STAT 101 Daily Questions 1-7

Fall 2024

Dr. Darien DeWolf

Daily Question 1: Introduction, the Who and the What

The personnel department keeps records on all employees in a company. Here is the information that they keep in one of their data files: employee identification number, last name, first name, middle initial, department, number of years with the company, salary, education (coded as high school, some college, or college degree), and age.

Identify the WHO and the WHAT in this scenario.

For the WHAT, do remember to indicate the type (categorical or quantitative) and units/categories of the variable.

Solution:

[Optional parts or comments in brackets.]

Who: The employees of this company. [Or: the records of the employees of this company]

What:

Employee identification number: [Nominal] Categorical (units = ID#)
Last name: [Nominal] Categorical
First name: [Nominal] Categorical
Middle initial: [Nominal] Categorical
Department: [Nominal] Categorical
Number of years with the company: Quantitative, units: years
Salary: Quantitative (Units = $)
Education: [Ordinal] Categorical. (High School, Some College, College)
Age: Quantitative, units: years

Daily Question 2: Graphically Displaying Variables

Suppose that 30 voters are randomly sampled and we record several things about them:

Province of residence
Age
Income
Voting status (1 = voted last election, 0 = did not vote)
Party registration (1 = LPC, 2 = CPC, 3 = BQ, 4 = NDP, 5 = GPC, 5 = other)

For each of the variables, which graph would you use to display them and why?

Solution:

The graph type is based on the variable type:

Province is categorical: use a bar chart [or pie chart].
Age is quantitative: use a histogram.
Income is quantitative: use a histogram.
Voting status is categorical: use a bar chart [or pie chart].
Party registration is categorical: use a bar chart [or pie chart].

Daily Question 3: Describing Quantitative Variables

Briefly describe the shape (symmetry, modality, and outliers) of this distribution.

Then, to describe the centre and spread of a distribution, you have some choice:

Use the mean and standard deviation.
Use the median and IQR.

Which of these two is most appropriate for the distribution above, and why?

Solution:

This distribution is [approximately] symmetric, bimodal, no outliers.

The mean and standard deviation is appropriate, because the distribution is symmetric.

Daily Question 4: Box Plots and Outliers

Which boxplot has the least spread?

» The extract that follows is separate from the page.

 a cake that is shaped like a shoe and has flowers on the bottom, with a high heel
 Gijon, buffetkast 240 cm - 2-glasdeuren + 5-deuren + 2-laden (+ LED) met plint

How did you determine that?

Solution:

Lettuce because its IQR (width of box) is smallest. (We usually use the IQR when the median is shown.)

[Also OK: Tomatoes since the range is smaller. The range is not often used, but it is still a valid measure of spread.]

Daily Question 5: Associations Between Quantitative Variables

Describe this scatterplot in terms of direction, form, strength and outliers.

Solution:

Positive, linear, strong relationship with no outliers.

[One may say that one or two of the upper-right could be outliers.]

Daily Question 6: Simple Linear Regression

How well does the population of a state predict the number of undergraduates?

The population and the number of undergraduates in each state are measured.

The least squared regression line is $\widehat{y} = -15057 + 0.05326x$.

Interpret the regression slope and intercept in full context of the problem.

Solution:

Intercept: The predicted number of undergraduates in a state with population 0 is $-15057$ students.

Slope: When the population of a state increases by 1 person, the predicted number of undergraduates increases by 0.05326 students.

Daily Question 7: More on Regression

Suppose that 15 random adults are asked their age and number of cats they've had in their life.

The fitted line plot and regression output are produced:

Are the assumptions for regression met?

Interpret the slope and intercept of the regression model in context.

We see that $r^2 = 84.62\%$. Interpret this in full context.

Solution:

Assumptions

Quantitative Variables Condition: The number of cats owned and age (years) are both quantitative. Good!

Straight Enough Condition: The scatter plot has no apparent bends and looks straight. Good!

No Outliers Condition: We don't see any observations with high/low x-values or high residual. Good!

Interpretations

The intercept: The predicted number of cats for a 0-year-old adult [which, of course, makes no physical sense] is 0.29 cats.

The slope: For each 1-year increase in age of adults, the predicted number of cats they've owned increases by 0.06 cats.

r-squared (84.62%): 84.62% of the variation observed in the number cats owned in this sample can be explained by the linear regression on age.